FT 18
The 2013 Rim Fire – Forest Management Influencing Fire Ecology

Friday, August 15, 2014: 7:00 AM-7:00 PM
J Street Entrance, Sacramento Convention Center
Hugh Safford, Regional Ecologist, USDA Forest Service
Eric Winford, Ecologist, Sequoia and Kings Canyon National parks; Gus Smith, Fire Ecologist, Yosemite National Park; Jan van Wagtendonk, USGS Yosemite Field Station; Kent van Wagtendonk, Geographer, Yosemite National Park; Becky L. Estes, US Forest Service; and Susan L. Ustin, University of California Davis
This is a two-day field trip to Stanislaus National Forest and Yosemite National Park to witness and discuss the impacts and behavior of the 2013 Rim Fire as it crossed vegetation types, land ownership, and management practices. At over 257,000 acres, the Rim Fire is the Sierra Nevada’s largest recorded fire and it burned through an elevation gradient of foothill chaparral, mixed conifer, a sequoia grove, red fir forest, ending in the lodgepole pine. It both created and destroyed habitat for wildlife species ranging from the California spotted owl to pacific fisher to the black-backed woodpecker. It produced smoke that affected air quality in communities nearby as well as those over 100 miles away. The fire moved through land managed by two federal agencies with different management practices and objectives for fire management as well as for rehabilitation and recovery. It is essentially a large experiment in forest management, and will change the way forests are managed in the area for decades to come. Topics to be covered include: fire ecology (understanding fire severity, fire size, and the components of this large fire), wildlife habitat, wildfires in the context of climate change (is this the new normal?), forest management, air quality, and land management practices of two federal agencies.
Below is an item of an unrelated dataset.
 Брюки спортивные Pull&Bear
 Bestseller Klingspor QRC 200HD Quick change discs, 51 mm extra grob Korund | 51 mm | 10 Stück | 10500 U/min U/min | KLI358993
We will visit a variety of sites, staying at at each stop for roughly 2 hours to listen to selected speakers (30 minutes), ask questions (30 minutes), and take a self-guided walk (30 minutes).

Registration Fee: $145

Equipment and Attire: Hiking boots, sun screen, bug repellant, hat, water bottles (at least 2 quarts), small backpack for water, food and other essentials, long pants and long sleeve shirts recommended as protection against sun and poison oak. We will walk around sites to view aspects of the fire, which could include walking over uneven terrain with logs and other obstacles. Temperatures in the area can reach as high as 100 degrees during the day-time, sun protection and adequate water are essential!

Itinerary: Day 1, Meet in Sacramento at 0700 1030 – Arrive at Groveland Ranger District, meet USFS and NPS representatives. Leave by 1100 1115 – Arrive at Rim of the World, have lunch at overlook, leave by 1230. Discuss context, local geography, climate, air quality, and the situation on the ground. Discuss fire origins and spread in those initial days. 1300 – Arrive at Tuolumne River and Granite/Cherry Creeks Confluence, Stanislaus National Forest, leave by 1500. Discuss fire history and ecological effects on vegetation in the Rim Fire in an area that has had very active fires in the past 110 years. 1530 – Arrive at Cherry Lake, Stanislaus National Forest, leave by 1730. Discuss forest management and fire behavior in plantations established after the 1973 Granite Fire. Numerous plantations were thinned just prior to the Rim Fire, which affected fire behavior. 1800 – Drive to Groveland. Get to hotels, have dinner, gather for night-time event. Continue discussion on all topics. Day 2 0830 - Meet at vans. Breakfast on your own. 0930 – Arrive at Aspen Valley, Yosemite National Park. Leave by 1130. Visit a site where we can contrast how the Rim Fire burned through an area previously treated with prescribed fire to previously unburned areas. 1200 – Arrive at Crane Flat, Yosemite National Park, have lunch at vantage point, leave by 1430. Visit a firing operation that took place during the fire; look at a variety of fire effects through old growth forest. Discuss the impacts of the fire and the firing operations to wildlife habitat. 1500 – Arrive at Tuolumne Grove, Yosemite National Park, leave by 1700. Discuss fire behavior as the fire moved toward a grove of giant sequoia trees and how fire fighters defended the grove by burning it on their terms. 1900 - Return to Sacramento.